The developer requested a judicial review of the denial of their appeal (below). This was heard by Judge Kathleen Drakulich (the aunt of “JD” Drakulich, an area developer and a city council candidate). She ordered that the city reconsider the development based on the specific requirements of the Mortensen-Garson Overlay District (MGOD) that defines the zoning for this area. Her ruling indicates that more general concerns should not be considered in the city’s decision.

The developer marked-up their tentative map (below) to include the following changes.

  • Reducing the total number of planned homes from 676 to 632 units.
  • This included the removal of all 26 sites that were on the eastern ridgeline.
  • Reconfiguration of the 23 lots on the southern ridgeline.
  • The addition of an emergency access road to the northeast.

Not adequately addressed even with the changes are the following.

  • The ridgelines are still not adequately protected as specified in the MGOD. This is especially true of the northern ridge.
  • The required wildlife corridors have not been planned or reviewed by NDOW.
  • The MGOD specifies where development can occur and which areas are required to be left as open space. The latest plan still has 200 homes planned in the area specified as open space.
  • There is no plan to improve the traffic regarding freeway access which is already a problem.

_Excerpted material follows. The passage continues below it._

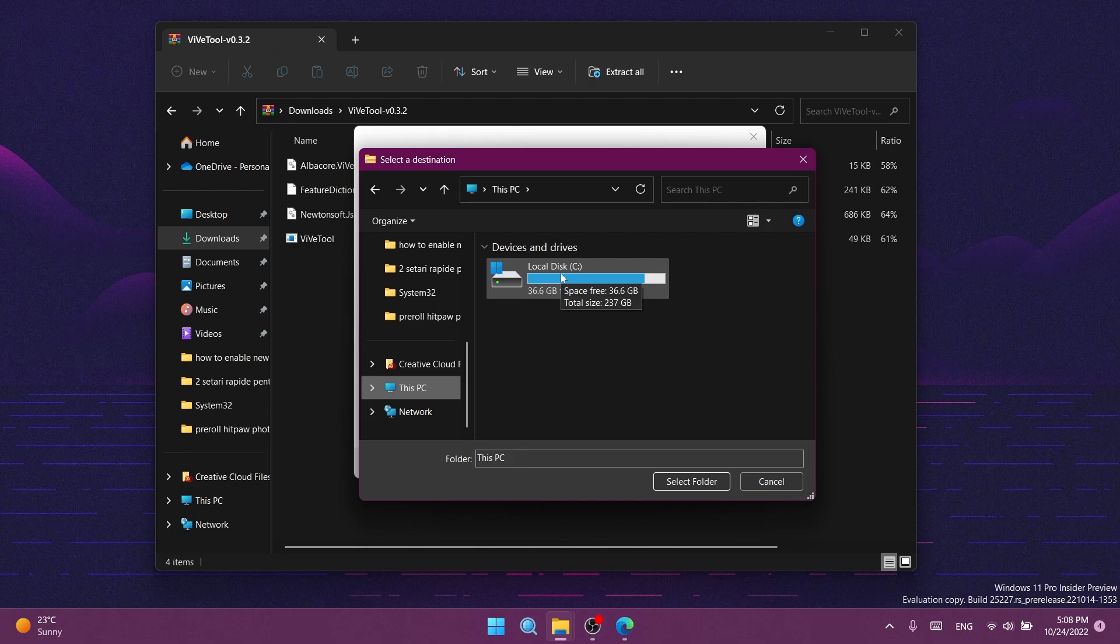Quick disclaimer: a lot of people say you don't need to extract this to system32. That's true, but it saves time because otherwise you'd need to run extra commands in CMD. The tool is completely safe and I don't see any reason not to extract it to system32.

The city clerk received 44 letters in opposition and 22 letters of concern. Voicemails were received in addition which were not described.

Councilmember Reese moved that consideration should be continued until the March 10 city council meeting. He is not comfortable considering this project when Councilmember Jardon is not present since it is in her ward. Councilmember Brekhus is opposed to the continuance since it will likely cause overly long agendas for later meetings. She is also sensitive to developer complaints that the city is not responsive and does not consider development applications in a timely manner. Mayor Schieve noted that Councilmember Jardon has not met with this developer and that this is an important step in considering the project. The vote to continue was unanimous except for Councilmember Brekhus. City Attorney, Karl Hall, indicated that there is no deadline imposed by the court for the city to reconsider the development. The e-mails and voice-mail messages received will be presented at the later meeting.